En la entrada de su casa se había apostado un soldado con lanza de acero y adarga en forma de corazón. Intentó cerrarles el paso, pero evaluó su insignificancia y miró hacia atrás. En el patio había unas diez personas, de las cuales tres o cuatro eran clérigos. Ante la puerta de la sala de recepción estaba parado otro soldado armado. Aldonza, flanqueada por Isabel y Felipa, deambulaba con el mentón hundido en el pecho, retorcía un pañuelo blanco. Francisco recibió el largo abrazo de su madre. Pudo entonces enterarse de que fray Bartolomé Delgado y el capitán Toribio Valdés habían ingresado solemnemente «para arrestar al licenciado Diego Núñez da Silva en nombre de la Inquisición». Los acompañaba un séquito de soldados del Rey y familiares del Santo Oficio. Como se acostumbraba, debían efectuar el trámite en presencia del notario. Se encerraron en el salón de recibo.

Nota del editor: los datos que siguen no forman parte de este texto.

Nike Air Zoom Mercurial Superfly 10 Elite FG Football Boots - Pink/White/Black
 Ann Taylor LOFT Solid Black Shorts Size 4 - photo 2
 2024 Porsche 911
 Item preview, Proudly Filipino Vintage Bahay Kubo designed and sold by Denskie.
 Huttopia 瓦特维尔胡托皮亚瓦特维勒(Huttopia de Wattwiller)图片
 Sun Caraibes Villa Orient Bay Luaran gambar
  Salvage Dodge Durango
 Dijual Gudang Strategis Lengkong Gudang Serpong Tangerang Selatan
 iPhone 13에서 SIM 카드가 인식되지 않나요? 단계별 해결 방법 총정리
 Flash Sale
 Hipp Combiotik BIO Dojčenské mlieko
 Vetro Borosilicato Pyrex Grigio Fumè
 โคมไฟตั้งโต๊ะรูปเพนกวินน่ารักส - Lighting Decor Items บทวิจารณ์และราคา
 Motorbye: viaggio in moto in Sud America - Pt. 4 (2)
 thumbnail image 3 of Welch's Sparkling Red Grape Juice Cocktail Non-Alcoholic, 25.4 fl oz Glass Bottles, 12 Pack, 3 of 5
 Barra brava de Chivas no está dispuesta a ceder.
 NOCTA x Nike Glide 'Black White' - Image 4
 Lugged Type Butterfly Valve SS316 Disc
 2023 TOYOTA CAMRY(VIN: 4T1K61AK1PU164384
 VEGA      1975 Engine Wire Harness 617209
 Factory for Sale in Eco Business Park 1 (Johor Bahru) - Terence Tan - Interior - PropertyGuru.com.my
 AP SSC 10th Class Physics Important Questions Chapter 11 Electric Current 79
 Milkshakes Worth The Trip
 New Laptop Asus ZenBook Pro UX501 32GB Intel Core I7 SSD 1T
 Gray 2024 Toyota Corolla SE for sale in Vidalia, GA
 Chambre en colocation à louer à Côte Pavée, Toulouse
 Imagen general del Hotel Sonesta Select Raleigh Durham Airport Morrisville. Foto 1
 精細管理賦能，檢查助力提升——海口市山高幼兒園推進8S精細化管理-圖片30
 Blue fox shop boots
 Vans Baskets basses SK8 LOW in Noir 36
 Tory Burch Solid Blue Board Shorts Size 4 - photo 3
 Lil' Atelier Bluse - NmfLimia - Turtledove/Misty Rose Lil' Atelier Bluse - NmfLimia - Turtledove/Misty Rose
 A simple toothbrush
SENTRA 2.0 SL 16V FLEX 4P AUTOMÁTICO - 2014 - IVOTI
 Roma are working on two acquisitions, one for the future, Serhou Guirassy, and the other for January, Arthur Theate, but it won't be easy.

– Lo van a llevar -sollozaba Aldonza-; lo van a llevar.

Francisco pretendió acercarse a su padre, acompañarlo, escuchar qué le preguntaban. El soldado que bloqueaba la puerta no accedió. Nadie, ni siquiera los integrantes del cortejo, podía entrar. El Santo Oficio prefería el secreto. Volvió junto al trío de mujeres que rondaban decaídamente el aljibe desgranando las cuentas del rosario. Lorenzo sacudía nerviosamente el pelo de la cara y trataba de obtener una explicación. Francisco encogía los hombros y miraba a los oscuros familiares que hablaban en tono adusto, tal como se supone que deben hacerla personas de alta misión y comprobada pureza de sangre. En su conversación resonaban algunas palabras fuertes: marranos, ley caduca de Moisés, epidemia, brujería, judiada, asesinos de Cristo, sabat, raza maldita, purificación por el fuego, embaucadores, cristianos nuevos.

Marchó al segundo patio donde vio a Catalina sentada sobre un fardo de ropa sucia. Lloraba. Su llanto lo estremeció. Fue hacia el fondo y se introdujo en el escondite que le había confiado Marcos Brizuela. Era una gruta perfecta, allí podía yacer tendido y pensar. Quizá tras unos días cambiara de opinión fray Bartolomé y entonces su padre podría salir sin amenazas. O quizá debía escapar a caballo durante la noche. El capitán Valdés tiene el más veloz de la ciudad; Lorenzo lo ayudaría a conseguirlo.